“Quiet,
ye git!” he snarled—hitting anything from atop a horse was difficult; a bucking horse made it impossible ... but it wasn’t at all impossible for someone on the ground to spear him out of that saddle. Some remote corner of his mind was surprised at his tone, that of a man mildly annoyed in the middle of a difficult task.
Fancy quieted somewhat, less at his voice than at the familiar feel of thighs and the hand on the reins, and spun nimbly about. A barbarian was getting up, a scrape raw and bleeding across one cheek, blood dripping from his nose and his long droopy mustaches and his stubbly-shaven chin. The spear he drew back to throw didn’t look to be made for javelin work; it was six feet long and had a broad flame-shaped bronze head. It didn’t have to be a purpose-made throwing spear, with the thick-muscled arm of the northern savage behind it and only ten feet between them.

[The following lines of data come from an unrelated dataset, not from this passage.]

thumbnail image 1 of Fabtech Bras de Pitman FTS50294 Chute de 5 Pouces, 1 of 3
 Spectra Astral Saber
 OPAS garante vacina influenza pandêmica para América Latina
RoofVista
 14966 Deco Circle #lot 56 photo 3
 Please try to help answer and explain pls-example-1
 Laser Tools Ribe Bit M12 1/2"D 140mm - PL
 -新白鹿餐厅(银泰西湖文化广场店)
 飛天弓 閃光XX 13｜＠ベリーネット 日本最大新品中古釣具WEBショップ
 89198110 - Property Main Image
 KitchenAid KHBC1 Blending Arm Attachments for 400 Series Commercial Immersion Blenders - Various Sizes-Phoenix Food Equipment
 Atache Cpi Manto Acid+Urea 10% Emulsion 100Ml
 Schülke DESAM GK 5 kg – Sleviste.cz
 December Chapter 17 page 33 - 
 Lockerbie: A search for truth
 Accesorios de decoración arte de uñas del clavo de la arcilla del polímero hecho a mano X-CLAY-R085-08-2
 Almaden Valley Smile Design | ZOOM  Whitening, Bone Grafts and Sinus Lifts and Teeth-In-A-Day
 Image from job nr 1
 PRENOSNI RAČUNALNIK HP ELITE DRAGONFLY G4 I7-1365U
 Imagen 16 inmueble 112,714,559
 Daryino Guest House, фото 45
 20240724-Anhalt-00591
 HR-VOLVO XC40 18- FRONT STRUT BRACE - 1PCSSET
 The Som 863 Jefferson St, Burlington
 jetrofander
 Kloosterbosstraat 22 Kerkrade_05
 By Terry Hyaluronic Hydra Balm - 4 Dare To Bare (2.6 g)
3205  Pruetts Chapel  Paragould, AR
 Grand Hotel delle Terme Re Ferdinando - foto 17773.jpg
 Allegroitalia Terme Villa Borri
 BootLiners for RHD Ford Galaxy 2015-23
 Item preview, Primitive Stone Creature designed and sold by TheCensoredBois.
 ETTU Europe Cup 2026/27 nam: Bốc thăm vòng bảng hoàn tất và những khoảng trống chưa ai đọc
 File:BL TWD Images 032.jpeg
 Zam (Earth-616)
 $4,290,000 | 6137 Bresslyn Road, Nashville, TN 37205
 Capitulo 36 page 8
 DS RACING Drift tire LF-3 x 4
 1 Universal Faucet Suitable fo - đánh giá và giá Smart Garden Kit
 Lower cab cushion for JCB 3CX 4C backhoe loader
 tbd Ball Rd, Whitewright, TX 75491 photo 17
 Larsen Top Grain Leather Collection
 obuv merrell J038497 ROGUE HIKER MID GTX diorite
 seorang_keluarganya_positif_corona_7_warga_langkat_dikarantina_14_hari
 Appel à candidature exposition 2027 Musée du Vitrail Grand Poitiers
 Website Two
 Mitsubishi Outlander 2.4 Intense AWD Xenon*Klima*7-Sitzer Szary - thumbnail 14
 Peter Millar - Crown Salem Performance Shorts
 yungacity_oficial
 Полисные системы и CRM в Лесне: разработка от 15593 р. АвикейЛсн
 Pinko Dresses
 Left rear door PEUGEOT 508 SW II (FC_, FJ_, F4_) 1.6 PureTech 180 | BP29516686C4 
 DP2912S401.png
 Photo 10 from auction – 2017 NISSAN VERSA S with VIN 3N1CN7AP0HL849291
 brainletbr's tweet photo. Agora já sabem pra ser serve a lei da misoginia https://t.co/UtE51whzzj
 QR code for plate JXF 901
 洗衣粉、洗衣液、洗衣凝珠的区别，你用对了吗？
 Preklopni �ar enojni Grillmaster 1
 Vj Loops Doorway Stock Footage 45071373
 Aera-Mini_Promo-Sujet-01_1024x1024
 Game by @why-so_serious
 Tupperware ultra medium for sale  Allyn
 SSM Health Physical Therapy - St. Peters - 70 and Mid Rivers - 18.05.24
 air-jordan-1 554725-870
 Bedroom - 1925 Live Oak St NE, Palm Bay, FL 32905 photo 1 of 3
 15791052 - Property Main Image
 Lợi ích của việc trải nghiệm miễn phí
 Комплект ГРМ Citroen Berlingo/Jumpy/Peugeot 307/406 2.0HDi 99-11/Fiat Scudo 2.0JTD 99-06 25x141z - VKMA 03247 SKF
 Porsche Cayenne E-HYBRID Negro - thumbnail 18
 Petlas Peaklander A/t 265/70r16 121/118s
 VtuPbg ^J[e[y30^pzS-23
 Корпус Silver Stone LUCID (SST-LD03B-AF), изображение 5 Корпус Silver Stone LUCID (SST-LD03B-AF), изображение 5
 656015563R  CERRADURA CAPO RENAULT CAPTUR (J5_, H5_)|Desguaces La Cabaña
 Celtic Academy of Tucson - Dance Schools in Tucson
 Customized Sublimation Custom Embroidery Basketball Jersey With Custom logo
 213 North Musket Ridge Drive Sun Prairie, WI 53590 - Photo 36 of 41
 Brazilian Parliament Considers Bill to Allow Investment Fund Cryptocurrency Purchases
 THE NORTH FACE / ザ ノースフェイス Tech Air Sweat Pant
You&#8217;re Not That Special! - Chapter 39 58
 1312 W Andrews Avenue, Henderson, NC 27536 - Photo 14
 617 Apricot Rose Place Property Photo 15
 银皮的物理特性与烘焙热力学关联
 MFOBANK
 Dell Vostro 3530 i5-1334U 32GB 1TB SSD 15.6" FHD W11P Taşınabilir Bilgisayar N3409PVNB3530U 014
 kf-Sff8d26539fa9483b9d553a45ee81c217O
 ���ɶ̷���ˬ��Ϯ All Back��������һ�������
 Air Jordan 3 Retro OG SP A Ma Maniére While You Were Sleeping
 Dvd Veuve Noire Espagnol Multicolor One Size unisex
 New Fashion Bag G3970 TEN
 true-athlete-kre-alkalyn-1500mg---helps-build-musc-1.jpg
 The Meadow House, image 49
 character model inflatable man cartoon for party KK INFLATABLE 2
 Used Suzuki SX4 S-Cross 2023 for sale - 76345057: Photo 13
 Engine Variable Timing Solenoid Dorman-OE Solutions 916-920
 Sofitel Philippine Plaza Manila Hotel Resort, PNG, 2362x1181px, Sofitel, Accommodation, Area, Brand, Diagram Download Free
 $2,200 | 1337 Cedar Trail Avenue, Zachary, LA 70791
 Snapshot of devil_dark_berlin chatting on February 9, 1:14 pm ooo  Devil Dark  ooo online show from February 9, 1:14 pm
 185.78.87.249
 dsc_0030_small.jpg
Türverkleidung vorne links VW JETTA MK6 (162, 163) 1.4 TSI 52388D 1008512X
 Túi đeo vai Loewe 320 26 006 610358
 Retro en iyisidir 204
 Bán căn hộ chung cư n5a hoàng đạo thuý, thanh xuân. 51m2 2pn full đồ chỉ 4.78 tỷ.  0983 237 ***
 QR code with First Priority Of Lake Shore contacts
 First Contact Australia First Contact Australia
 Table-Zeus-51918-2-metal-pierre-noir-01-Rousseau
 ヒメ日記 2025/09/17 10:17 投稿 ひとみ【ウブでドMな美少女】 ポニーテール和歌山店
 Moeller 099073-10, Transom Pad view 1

O’Rourke fired the last three rounds in the revolver as fast as he could squeeze the trigger and bring the muzzle back down. The hammer clicked at last on an empty chamber, but the Ringapi did not throw. Instead he sank down to his knees, looking puzzled, blood welling from nose and mouth. Then he pitched forward on his face, spear dropping in the dust.
O’Rourke was already wheeling his horse, slapping the pistol back into its holster and his heels into Fancy’s flanks.
No time to reload,
he thought, as the stallion sprang forward again, glad to be allowed to gallop at last. He was familiar with the rubber duration of combat—it felt like twenty minutes or so since the Ringapi sprang their ambush, but it was probably less than five by the clock.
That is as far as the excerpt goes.